Given this modest contribution of tuberculosis services in the identification of ART eligible patients, it might be better if tuberculosis services with a limited ability to identify ART eligible patients gave more priority to strengthening tuberculosis control activities. They could to identify and treat more tuberculosis patients before expanding their activities to include delivering antiretroviral therapy and HIV care themselves, which is a logistically more demanding task (Harries et al. 2002). Concurrent treatment of tuberculosis and HIV is often challenging as the potential of interactions between antiretroviral and antituberculosis drugs in patients undergoing simultaneous HIV and TB treatment may result in ineffectiveness of ARV drugs, infective tuberculosis treatment or an increased risk of drug toxicity (Harries et al. 2004). Nonetheless, both tuberculosis and HIV control services (and other entry points for HIV/AIDS patients to the health care system) should develop mechanisms to ensure that patients identified as eligible for ART do eventually access antiretroviral treatment.
Our model has some limitations, especially regarding the estimates used.
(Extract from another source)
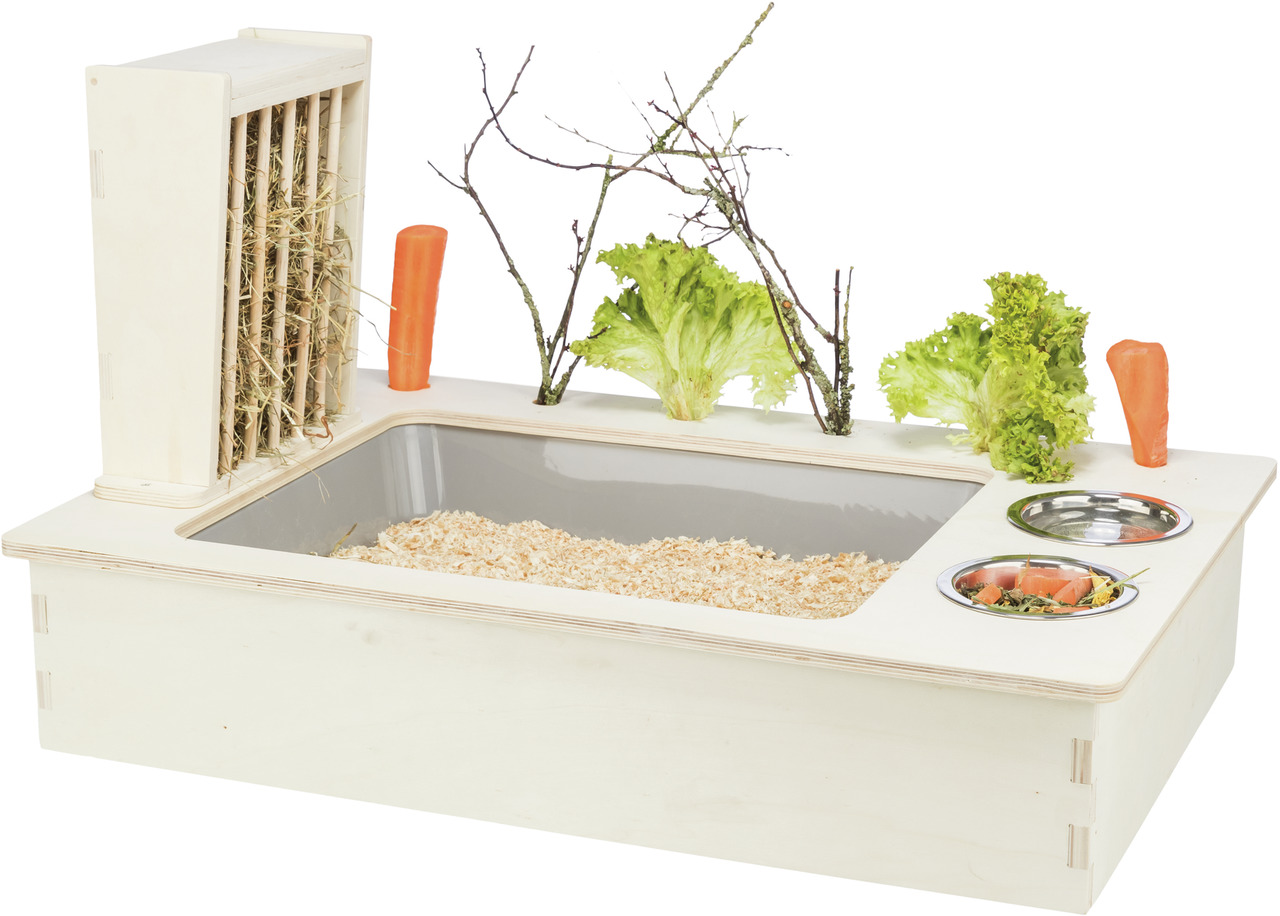 Das Bild zeigt das TRIXIE Kleintier-Futterstation-Set, ideal für Kaninchen und Meerschweinchen. Es besteht aus einer Holzbox mit integriertem Heuraufe, Futterschalen aus Edelstahl und Platz für frisches Gemüse wie Karotten und Salat. Die Station fördert a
Official World Health Organization Figures do not give all case age-stratified tuberculosis notification rates, and these are not easily available for many countries. Our approach of multiplying the official World Health Organization all case notification rates with 1.5 to estimate the rate in the 15–49 year age-group based on the observations in one country might not be representative of the epidemiology in other parts of Africa. Another source of uncertainty is the relative risk estimate of tuberculosis among patients with CD4 counts below 350 cells/mm3 used in this model. The relative risk of the association between HIV and tuberculosis has varied widely among African studies, but most studies suggest a relative risk of about seven (Glynn et al. 1997). Some studies have reported a far higher relative risk of >20 (Braun et al. 1991; Allen et al. 1992). As the risk of tuberculosis is closely correlated with the number of CD4 lymphocytes (Antonucci et al. 1995; Markowitz et al. 1997) we have elected to use a RR of 20, which represents the higher relative risk reported in African studies. If a lower RR of 10 is assumed, the overall yield for all eighteen countries in identifying adult tuberculosis patients eligible for ART is 7%, and 12% if a higher RR of 30 is assumed (results not presented). A further source of uncertainty is the assumption that 30% of the HIV-infected patient population has CD4 counts below 350 cells/mm3. Larger studies have reported higher estimates of >50% (Gupta et al. 2000; Dybul et al. 2002), but these are based on the CD4 cell counts at time of detection, which might be subject to bias.
Our findings have practical implications as countries facing a challenging HIV and tuberculosis epidemic move towards scaling up ART access. Quantifying the magnitude of ART eligible patients that might be seen by tuberculosis services will allow for proper planning and mobilization of resources in order to avoid overwhelming the tuberculosis services. Whilst tuberculosis services are an important entry point for identifying ART eligible patients, the World Health Organization's three by five initiative, and indeed any programme that aims at delivering ART to those in need, would require major efforts beyond TB services.